Journal: Scientific reports
PMID:

Abstract

The most common carcinoma-related cause of death among women is breast cancer. Early detection is crucial, and the manual screening method may lead to a delayed diagnosis, which would delay treatment and put lives at risk. Mammography imaging is advised for routine screening to diagnose breast cancer at an early stage. To improve generalizability, this study examines the implementation of Federated Learning (FedL) to detect breast cancer. Its performance is compared to a centralized training technique that diagnoses breast cancer. Although FedL has been famous as a safeguarding privacy algorithm, its similarities to ensemble learning methods, such as federated averaging (FEDAvrg), still need to be thoroughly investigated. This study examines explicitly how a YOLOv6 model trained with FedL performs across several clients. A new homomorphic encryption and decryption algorithm is also proposed to retain data privacy. A novel pruned YOLOv6 model with FedL is introduced in this study to differentiate benign and malignant tissues. The model is trained on the breast cancer pathological dataset BreakHis and BUSI. The proposed model achieved a validation accuracy of 98% on BreakHis dataset and 97% on BUSI dataset. The results are compared with the VGG-19, ResNet-50, and InceptionV3 algorithms, showing that the proposed model achieved better results.
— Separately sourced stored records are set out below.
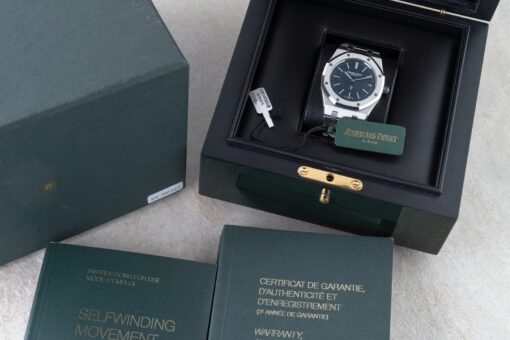 15202ST Royal Oak ultra-thin (2016 / german full set / top condition) – Bild 4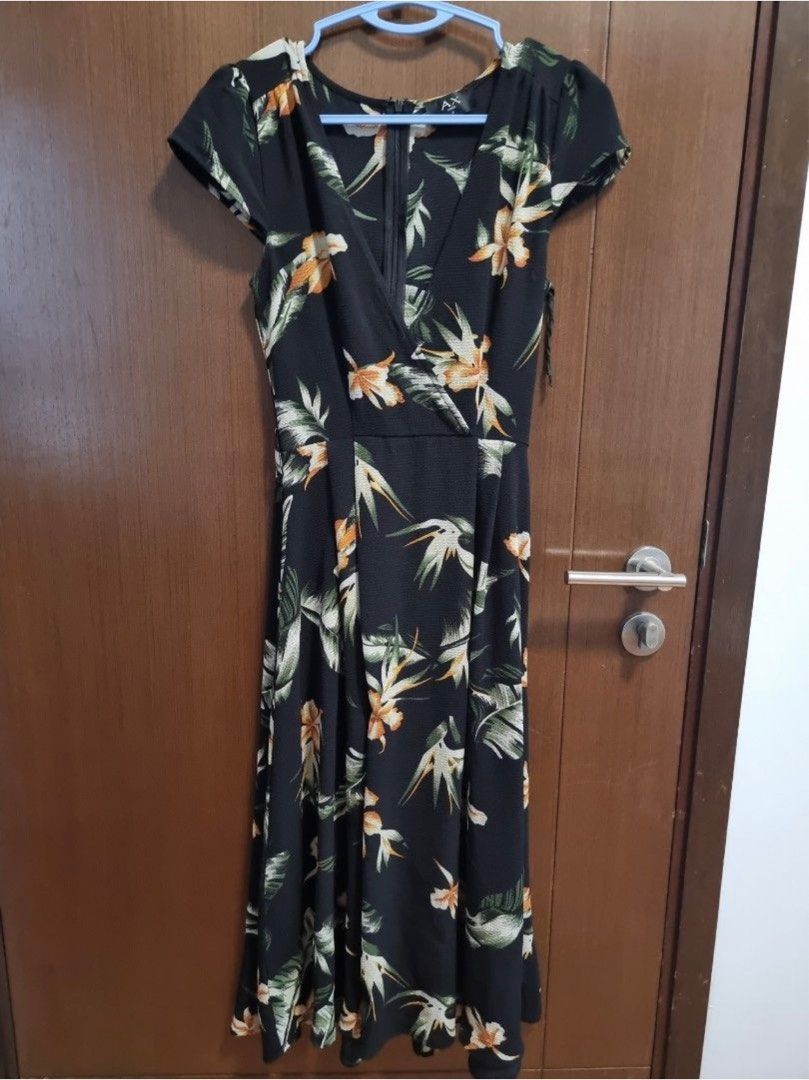Roxy lotus heart maxi dress store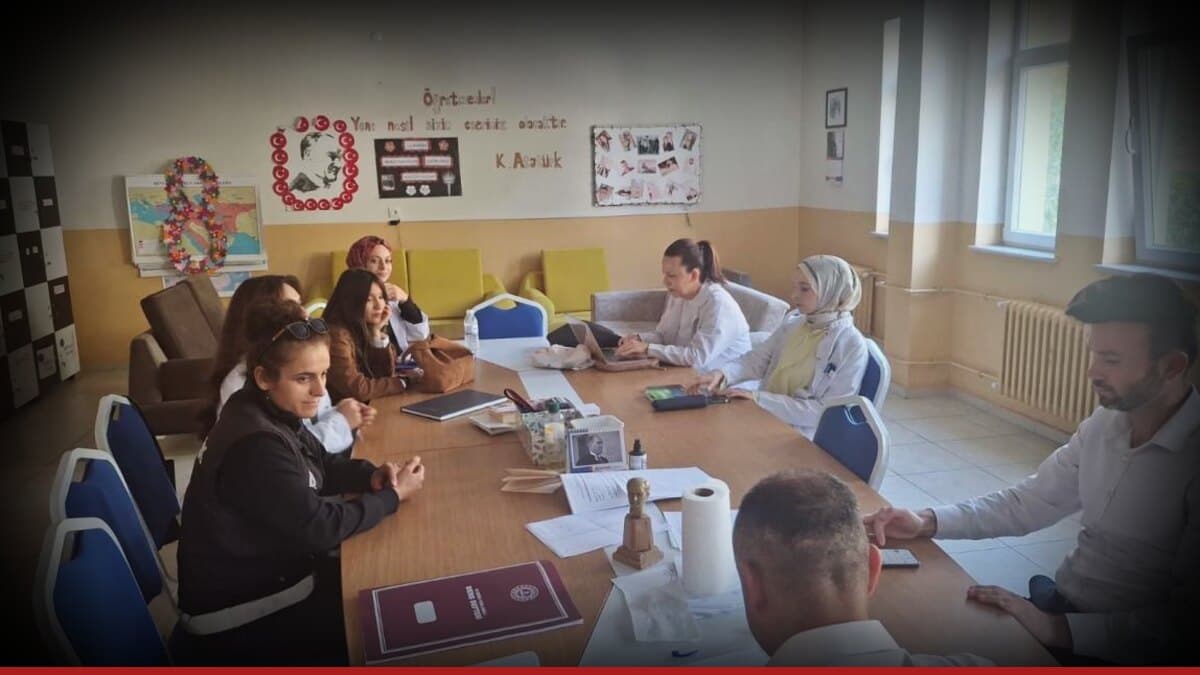 Mehmet Akif Ersoy Lisesi’nde okul çevresi ve içi için tedbirler planlandı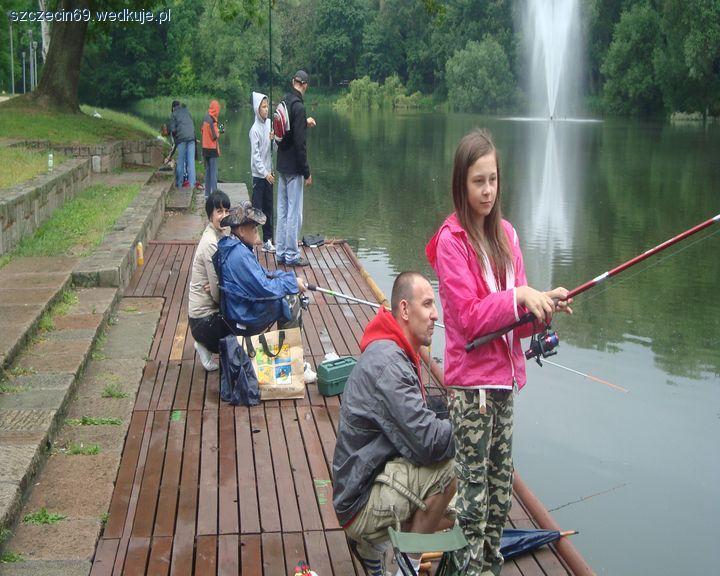 Zawody dla dzieci koła Big Fish 18.06.11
The tests reveal that federated learning is feasible, as FedAvrg trains models of outstanding quality with only a few communication rounds, as shown by the results on a range of model topologies such as ResNet50, VGG-19, InceptionV3, and the proposed Ensembled FedL YOLOv6.

Authors

  • Chhaya Gupta
    Department of Computer Science and Applications, Maharshi Dayanand University, Rohtak, India.
  • Nasib Singh Gill
    Department of Computer Science & Applications, Maharshi Dayanand University, Rohtak, India.
  • Preeti Gulia
    Department of Computer Science & Applications, Maharshi Dayanand University, Rohtak, India.
  • Noha Alduaiji
    Department of Computer Science, College of Computer and Information Sciences, Majmaah University, 11952, Al Majmaah, Saudi Arabia.
  • J Shreyas
    Department of Information Technology, Manipal Institute of Technology Bengaluru, Manipal Academy of Higher Education, Manipal, Karnataka, 576104, India. shreyas.j@manipal.edu.
  • Piyush Kumar Shukla
    Computer Science & Engineering Department, University Institute of Technology, Rajiv Gandhi Proudyogiki Vishwavidyalaya, Bhopal 462033, India.